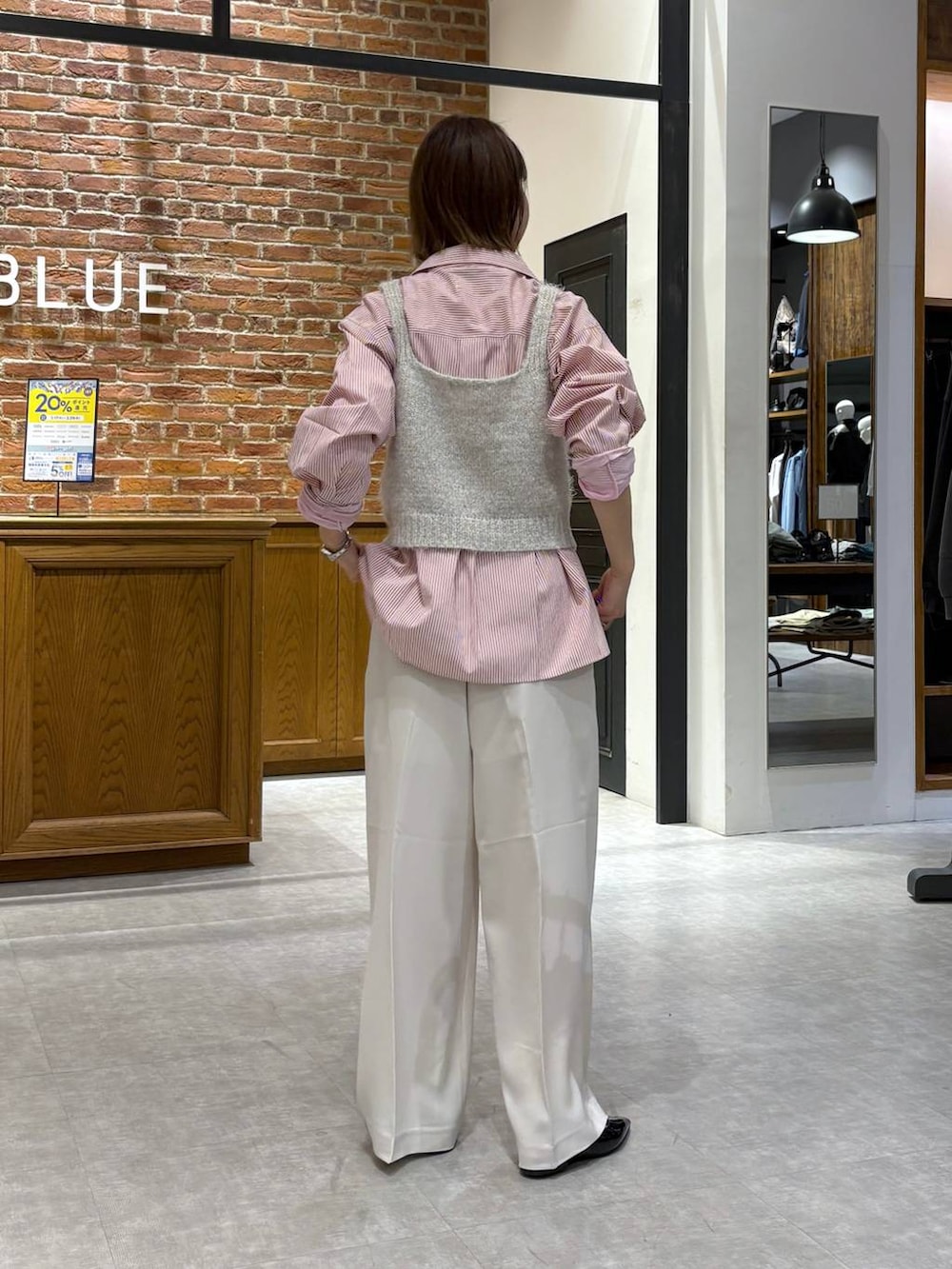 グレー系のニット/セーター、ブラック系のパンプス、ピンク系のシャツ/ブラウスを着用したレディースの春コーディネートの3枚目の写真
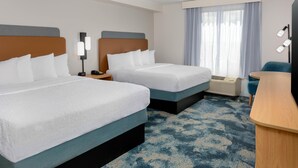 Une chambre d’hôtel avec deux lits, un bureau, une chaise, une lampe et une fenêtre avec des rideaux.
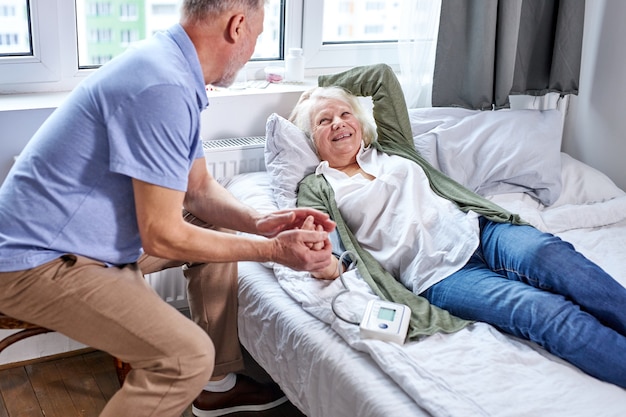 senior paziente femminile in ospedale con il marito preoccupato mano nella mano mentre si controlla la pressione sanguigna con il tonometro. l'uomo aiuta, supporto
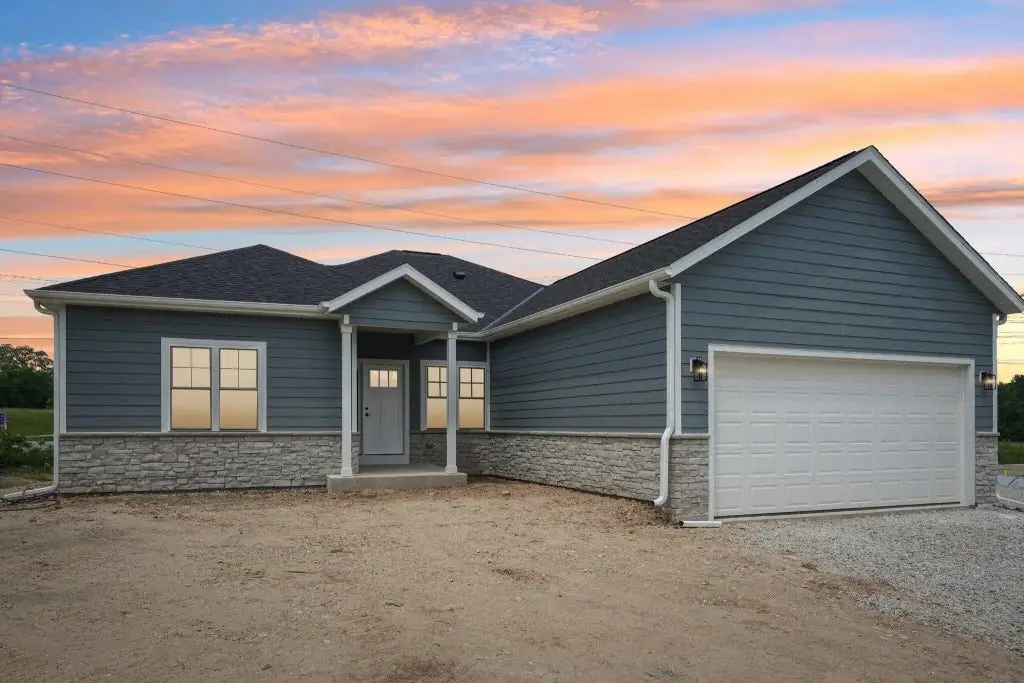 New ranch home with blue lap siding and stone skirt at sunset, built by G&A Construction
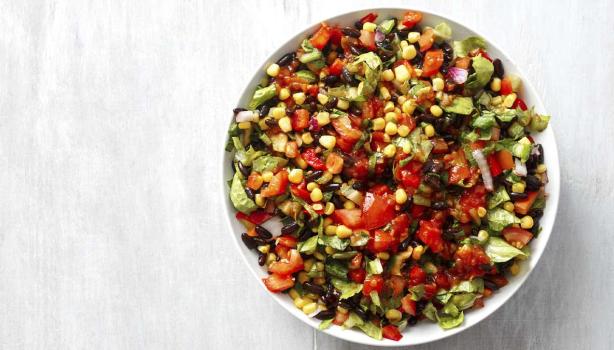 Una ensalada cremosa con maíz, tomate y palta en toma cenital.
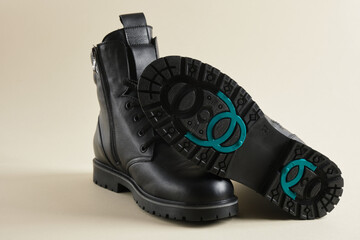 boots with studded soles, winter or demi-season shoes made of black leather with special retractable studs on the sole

○ ○ ○ ○ ○

### PROBLEM TO SOLVE
Output verbatim the lines beginning at the line with "Une chambre d’hôtel" and ending at the last line of the material above, inclusive. Do not carry over any pictures.

### SOLUTION TO THE EXERCISE
 Une chambre d’hôtel avec deux lits, un bureau, une chaise, une lampe et une fenêtre avec des rideaux.
 senior paziente femminile in ospedale con il marito preoccupato mano nella mano mentre si controlla la pressione sanguigna con il tonometro. l'uomo aiuta, supporto
 New ranch home with blue lap siding and stone skirt at sunset, built by G&A Construction
 Una ensalada cremosa con maíz, tomate y palta en toma cenital.
 boots with studded soles, winter or demi-season shoes made of black leather with special retractable studs on the sole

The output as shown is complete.